With the pictures left out, copy the records below exactly from the first line down to the line holding "This is a pretty", and include that line.

*** TASK INPUT ***

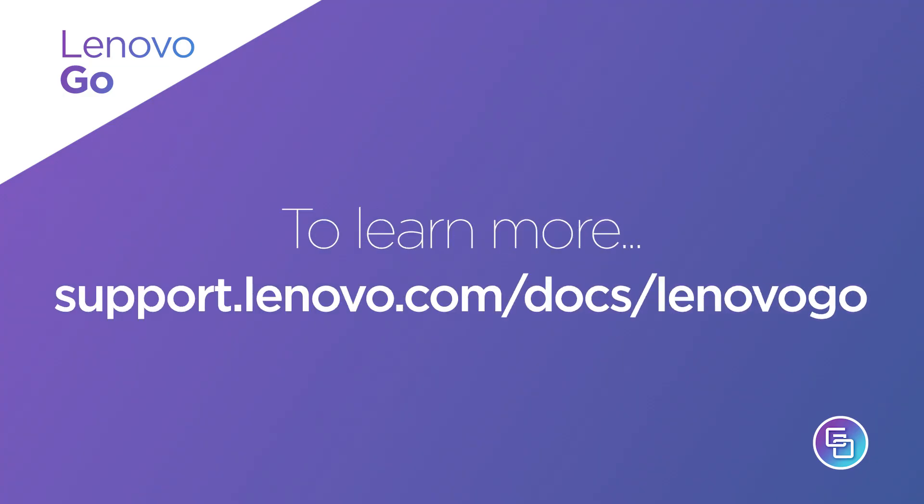If you want to learn more about your Lenovo Go accessories, go to support.lenovo.com/docs/LenovoGo.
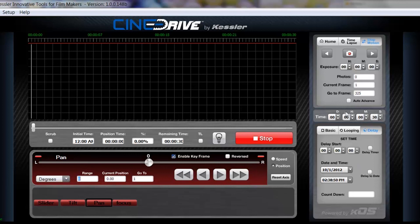That pretty much wraps up the quick run through of the software. So now we'll get into detail on each specific section.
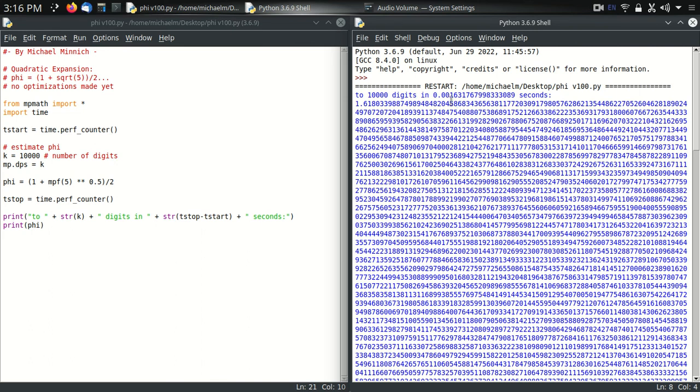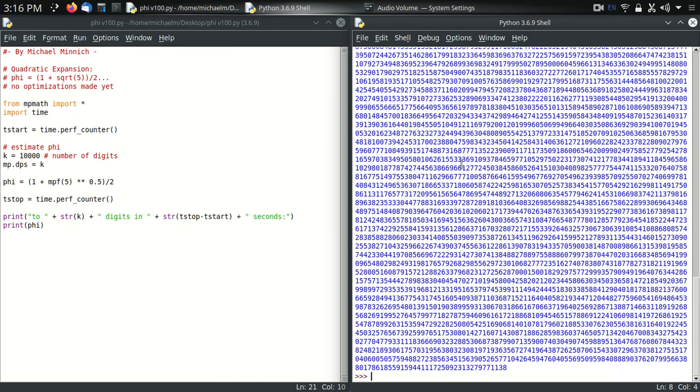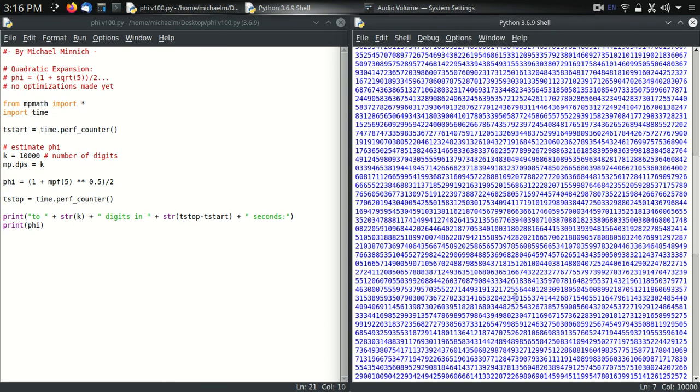In about the time it took to do just 100 digits of the fundamental circle constant or Euler's constant, we get V to 10,000 digits. There you go.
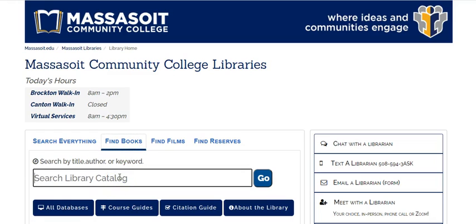Type in what you're looking for. You can search by keyword, author, or title. Then hit the Go button.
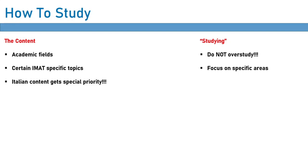What instead you should do is focus in on specific areas within these broader fields, because there are certain areas within these fields which are more likely to be assessed than others. Now, these specific areas are field specific, so I'll cover them in the coming lessons. And this is also quite important.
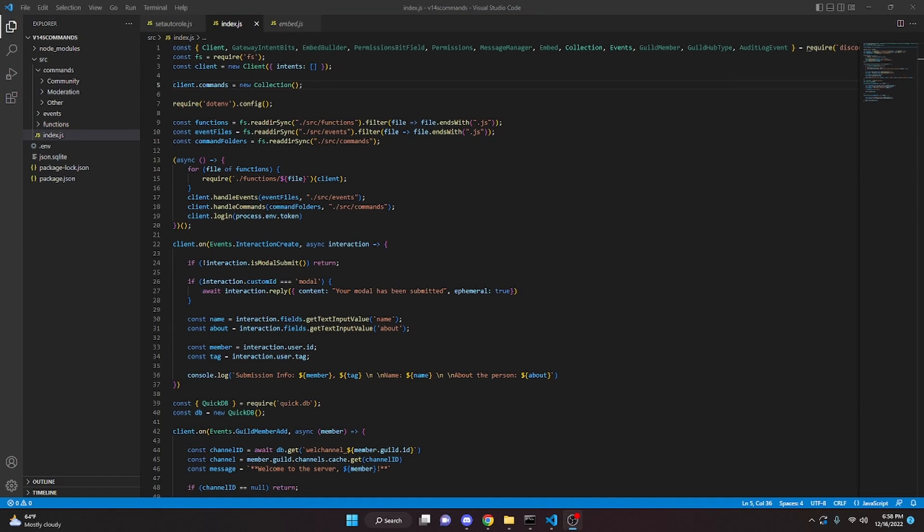This is how you can code a moderation logging system for your discord.js version 14 bot. Keep in mind what I'm going to be showing you is just some of the things you can do with this, but you can do many many more.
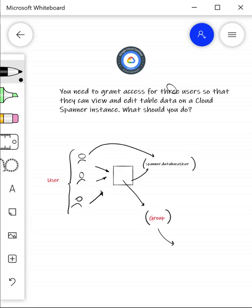You can create a group and assign to this group the role spanner.databaseuser, and you can assign all three users to this particular group.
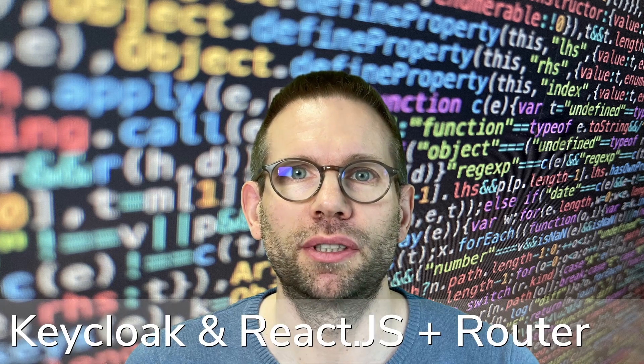Hey folks, welcome back to part 3 of my Keycloak and ReactJS video series. This time I'm talking about Keycloak and ReactJS plus React Router.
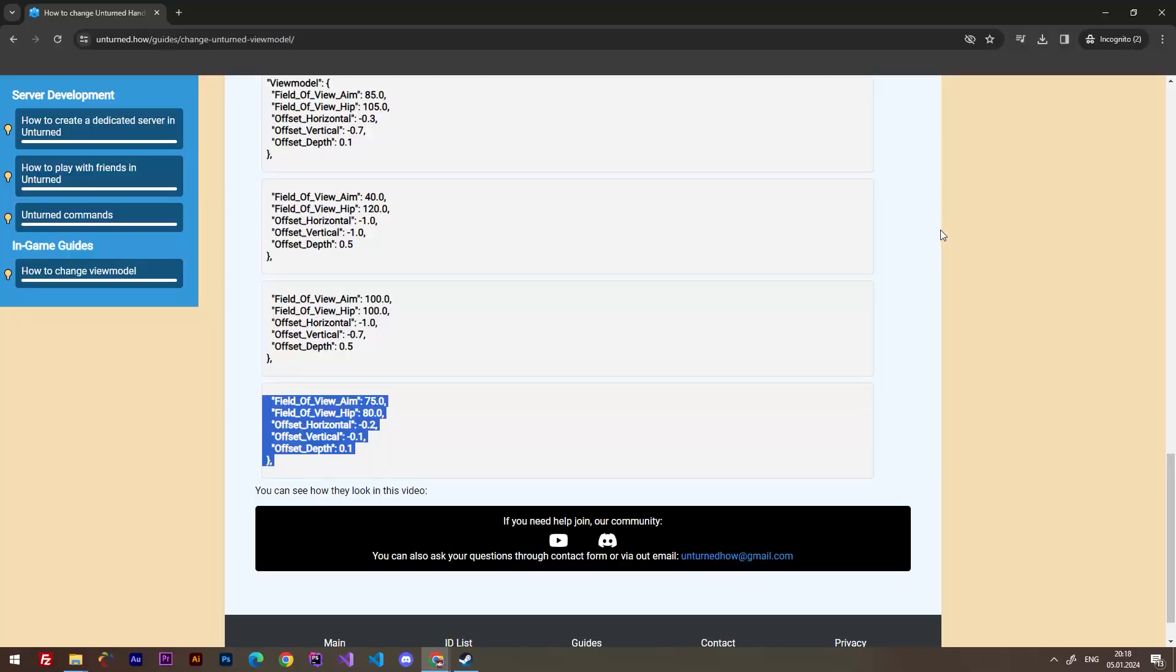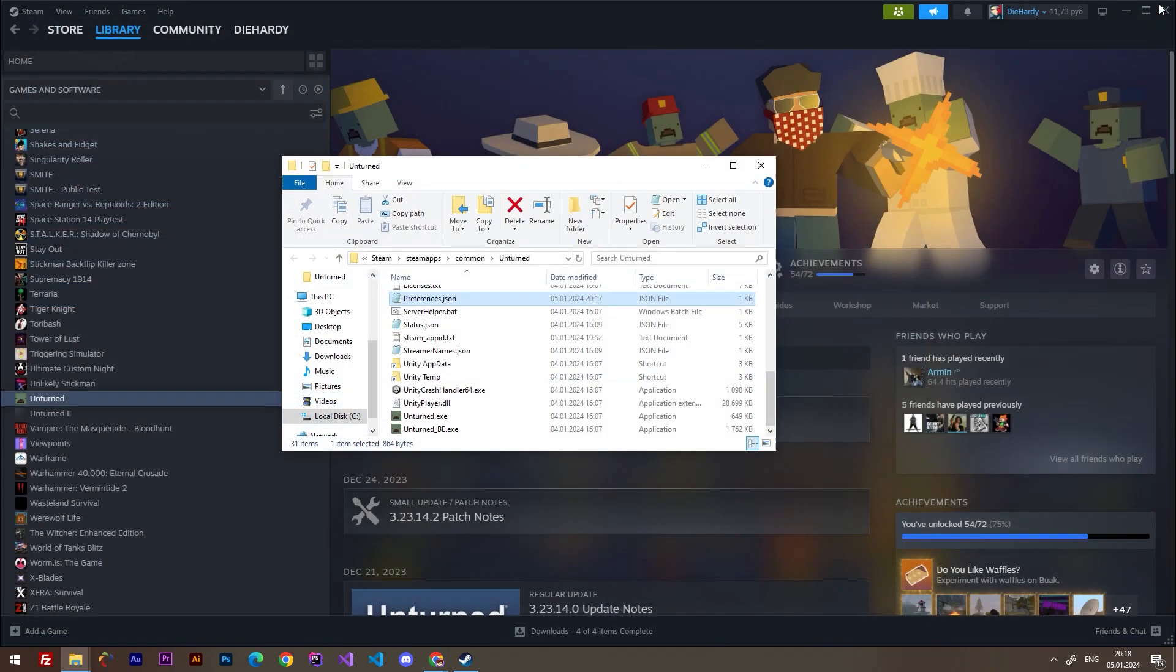Check my Unturned playlist to find other Unturned videos, join our Discord community, visit my website unturned.how, and subscribe to the channel.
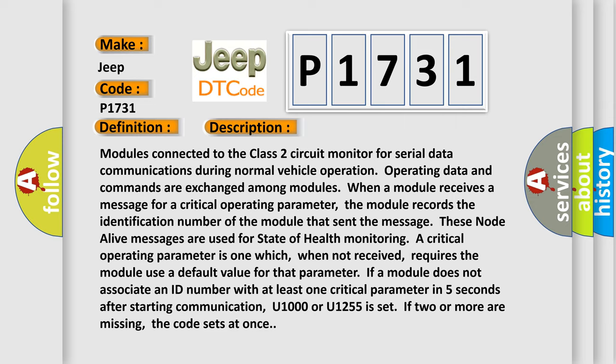U1000 or U1255 is set. If two or more are missing, the code sets at once.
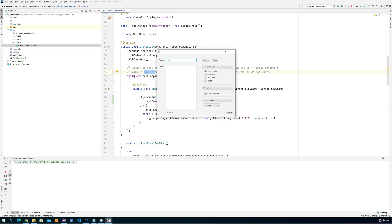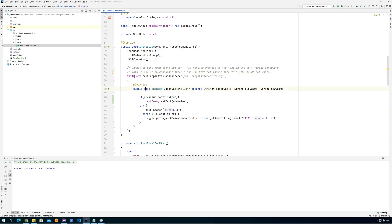This is a pretty straightforward and easy way to do this. You're not looking at just the change — you're looking at the entire query, so you can count the number of 'a's or similar things. It looks at the new value of the entire text. However, in newer versions of JavaFX there's actually a better way of doing this.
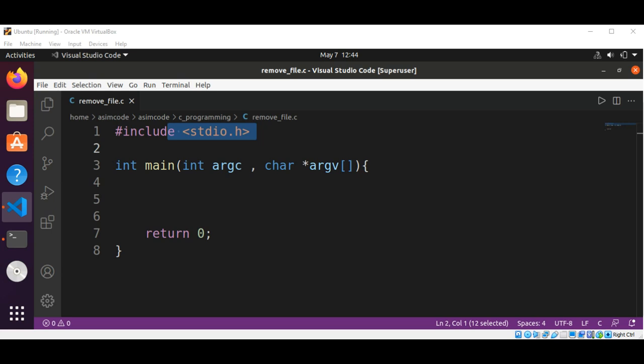To translate the user ID number into a username, we will use the getpwuid() function. To get the group name for a group ID, we will use the getgrgid() function. Let's see how we do this. First I will import the headers — I have already included stdio.h.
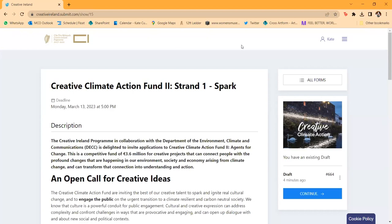We encourage everybody to try to get applications in at least a day in advance to make sure you're happy with everything and there are no technical difficulties. That's pretty much it in terms of filling out the application form. It's pretty straightforward, but it's worth getting familiar with the platform and not leaving it to the last minute.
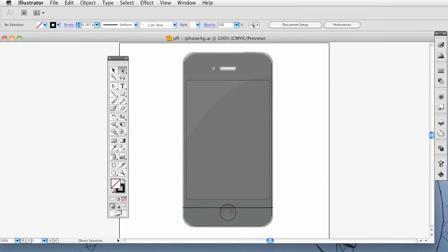Hello everybody, welcome to part 2 of creating this iPhone 4G. We left off by just creating the outline, so now what's left is shading it in and making it look pretty.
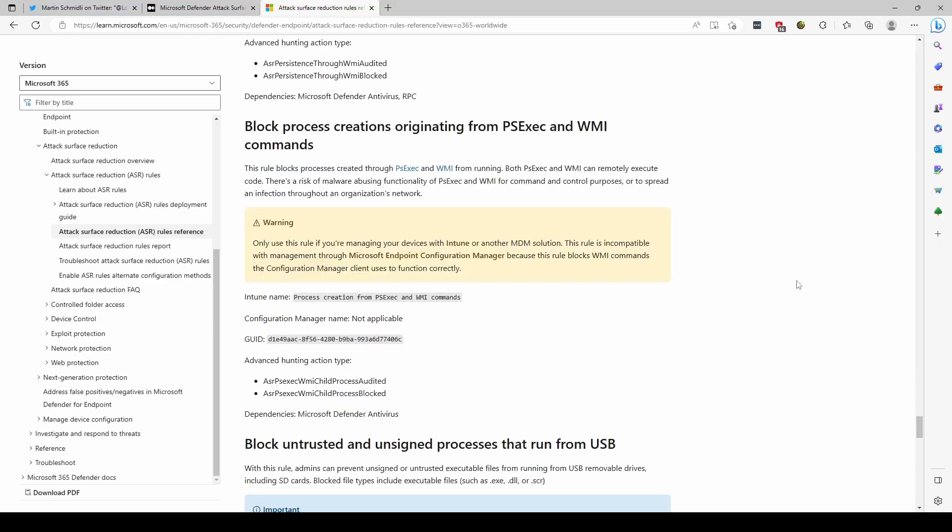One more last thing I really want to share with you guys is the ASR rule block process creation originating from PSExec and WMI commands. If you have an SCCM or Microsoft Endpoint Configuration Manager in your environment and you're using it to configure your endpoints, do not use it, because SCCM actually relies on the WMI commands to configure its clients. If you would enable this, you would practically break your SCCM configuration.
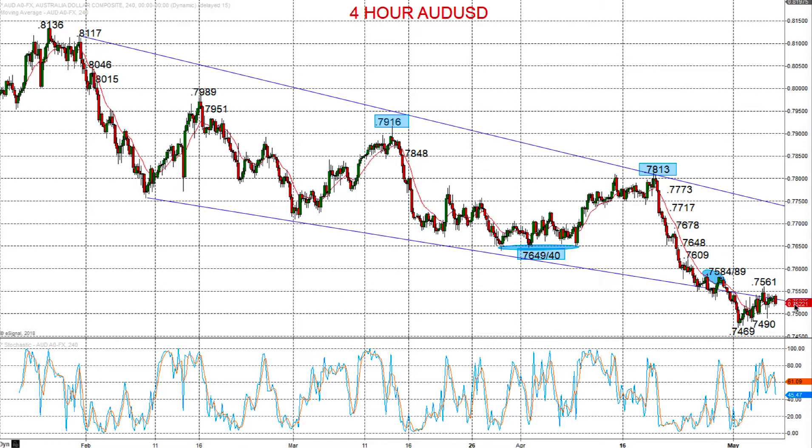Hi there, this is Steve Miley, the Market Chartist on behalf of Forextraders.com. I'm going to have a look at the still positive tone for the US dollar against most major G8, G10 currencies — typically looking here against the Australian dollar and New Zealand dollar.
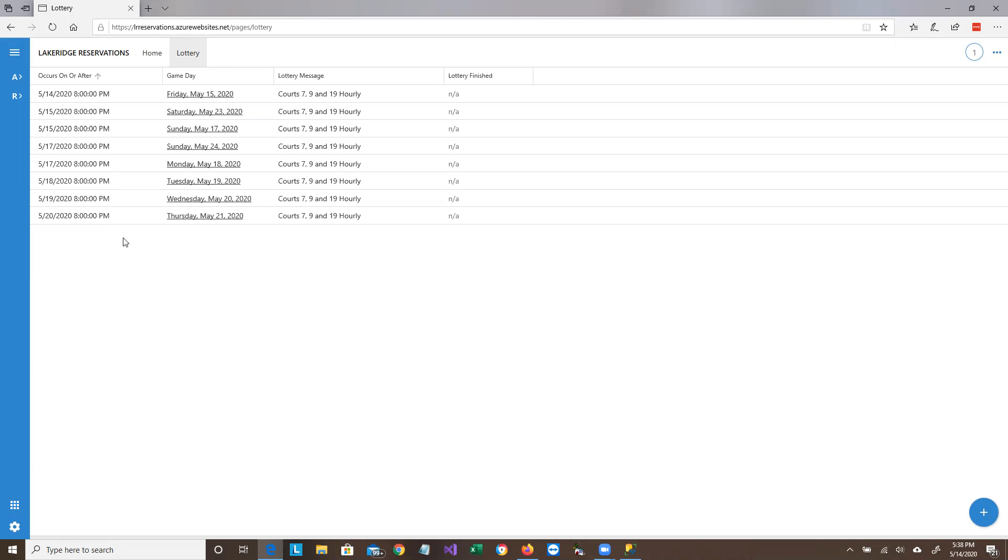On the old system, the lotteries were held on weekends and holidays, and the lotteries were always held a week in advance. Since we're having daily reservations now, we've changed that rule, or that policy, so that weekend lotteries will still happen a week in advance, but weekday lotteries will happen the previous day.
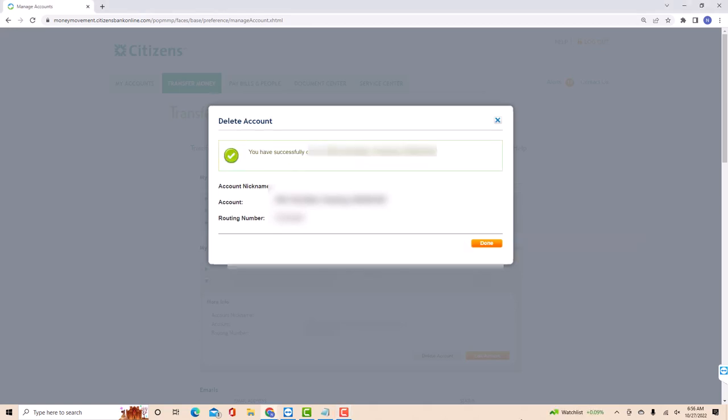That's how you remove an external bank account from Citizens Bank. Thank you so much guys for watching and if you have not yet subscribed to our YouTube channel, please subscribe to our YouTube channel as we create tech videos related to financial apps almost every day.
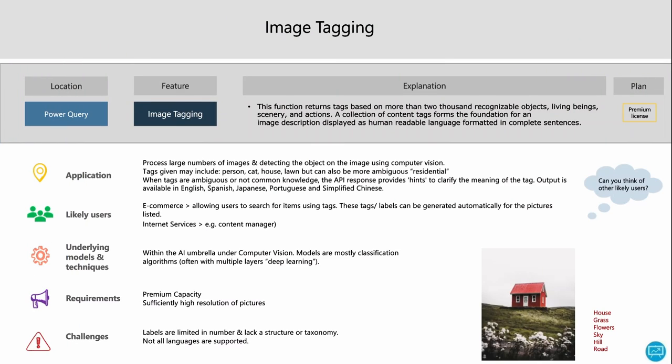Image tagging is another important feature within the AI capabilities of Power BI. It adds a label to a picture, returning words like 'person,' 'cat,' or 'house' — identifying what is shown in the picture. Power BI will return labels, and there are about 2,000 labels within its library. These tags can be quite obvious, but in some cases they're ambiguous, and Microsoft will provide hints to clarify the meaning.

*** End of TASK INPUT ***

-- YOUR SOLUTION --
If you want to learn more about your Lenovo Go accessories, go to support.lenovo.com/docs/LenovoGo.
That pretty much wraps up the quick run through of the software. So now we'll get into detail on each specific section.
In about the time it took to do just 100 digits of the fundamental circle constant or Euler's constant, we get V to 10,000 digits. There you go.
Type in what you're looking for. You can search by keyword, author, or title. Then hit the Go button.
What instead you should do is focus in on specific areas within these broader fields, because there are certain areas within these fields which are more likely to be assessed than others. Now, these specific areas are field specific, so I'll cover them in the coming lessons. And this is also quite important.
This is how you can code a moderation logging system for your discord.js version 14 bot. Keep in mind what I'm going to be showing you is just some of the things you can do with this, but you can do many many more.
You can create a group and assign to this group the role spanner.databaseuser, and you can assign all three users to this particular group.
Hey folks, welcome back to part 3 of my Keycloak and ReactJS video series. This time I'm talking about Keycloak and ReactJS plus React Router.
Check my Unturned playlist to find other Unturned videos, join our Discord community, visit my website unturned.how, and subscribe to the channel.
U1000 or U1255 is set. If two or more are missing, the code sets at once.
This is a pretty straightforward and easy way to do this. You're not looking at just the change — you're looking at the entire query, so you can count the number of 'a's or similar things. It looks at the new value of the entire text. However, in newer versions of JavaFX there's actually a better way of doing this.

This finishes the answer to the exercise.